Aarna.ml

aarna.ml GPU Cloud Management Software (CMS) Announces Network Automation and Multi-Tenancy for NVIDIA Spectrum-X

The latest aarna.ml GPU CMS announces network automation, observability, fault management, and multi-tenancy for the v1.3 NVIDIA Spectrum-X Reference Architecture (RA). The Reference Architecture (RA) defines an East-West compute network fabric optimized for AI cloud deployments with HGX systems and a North-South converged network for external access, storage, and control plane traffic. As part of this announcement, aarna.ml supports NVIDIA Spectrum-4 SN5000 Series Ethernet switches, NVIDIA Cumulus Linux, NVIDIA BlueField-3 SuperNICs and DPUs, NVIDIA NetQ AI observability and telemetry platform, and NVIDIA Air data center digital twin platform along with NVIDIA HGX H100/H200 nodes.

‍

NVIDIA Cloud Partner (NCP) and enterprise AI clouds must provide hard isolation between tenants.
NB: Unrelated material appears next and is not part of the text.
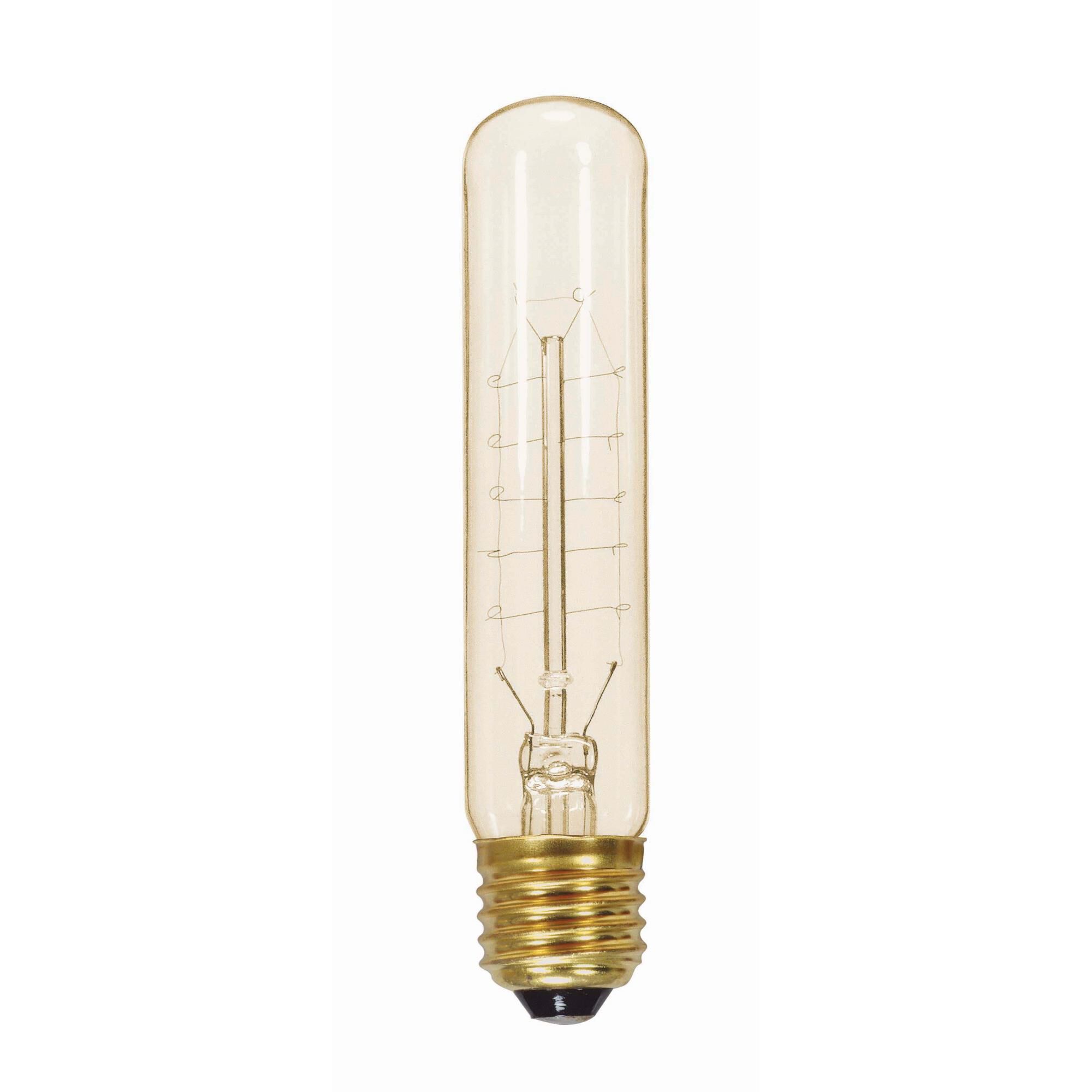 20 Watt T9 Vintage Light Bulb,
The aarna.ml GPU CMS addresses this comprehensively across seven pillars: high-performance networking, InfiniBand fabrics, NVLink GPU interconnects, scalable storage, virtual private clouds (VPCs), compute resources, and GPUs. By enforcing isolation and performance in each pillar, we ensure tenants can run demanding AI workloads securely and without compromising the performance, on shared hardware. This blog focuses on the high-performance networking aspect.

Switch Fabric Automation with aarna.ml GPU CMS

A modern GPU data center switch fabric typically comprises multiple segmented networks—most notably the East-West (Compute) network and the North-South (Converged) network. The North-South network itself includes Inband management, Storage, External/Tenant access. These networks can be built on Ethernet or InfiniBand, depending on the performance and isolation requirements.
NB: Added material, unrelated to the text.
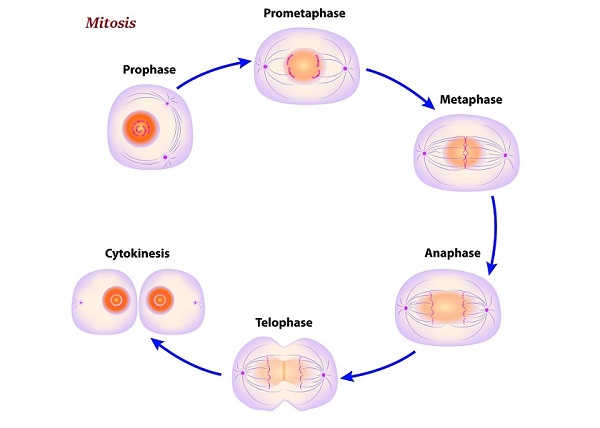 Mitosis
A single Scalable Unit (SU)—as defined by NVIDIA Spectrum-X Reference Architectures contains:

32 GPU nodes
12 switches
256 physical cable connections

This topology serves just 256 GPUs, highlighting the operational complexity and scale.Without automation, managing such fabrics—especially across multiple SUs—becomes impractical and error-prone. The aarna.ml CMS addresses this challenge by offering:

Topology auto-discovery
Underlay configuration
Lifecycle automation for switch configurations
Overlay network creation for tenant-level isolation
Integration with compute orchestration pipelines

This enables scalable, intent-driven management of switch fabrics, ensuring that GPU resources remain performant, isolated, and easy to provision.

BlueField-3 SuperNIC Spectrum-X Configuration

Figure 2: BlueField-3 SuperNIC configured to Spectrum-X

The aarna.ml GPU CMS automates all the tasks needed to turn a BlueField-3 equipped server into a Spectrum-X host. When a new host is provisioned, the GPU CMS installs the DOCA Host Packages, enabling key services and libraries. It also brings up the DOCA Management Service Daemon (DMSD), which runs on the host and acts as the control point for the SuperNIC.

After bringing up DMSD, the GPU CMS controller uses it to configure the BlueField-3 SuperNIC with Spectrum-X capabilities like RoCE, congestion control, adaptive routing, and IP routing. This makes the host fully Spectrum-X aware — ready to participate in high-performance GPU-to-GPU networking, where the Multitenancy relies on BGP EVPN from Cumulus and Spectrum-X switches.

Network Multi-Tenancy

The above figure shows how aarna.ml GPU CMS creates tenant isolated overlay networks on the ethernet switch fabric using the VxLAN and VRF with BGP as the control plane. From the end-user perspective, the aarna.ml GPU CMS provides the ability to define Virtual Private Clouds (VPCs) with multiple subnets, much like a traditional public cloud. Behind the scenes, each VPC is backed by an isolated VRF (Virtual Routing and Forwarding) and each subnet corresponds to a unique VxLAN segment.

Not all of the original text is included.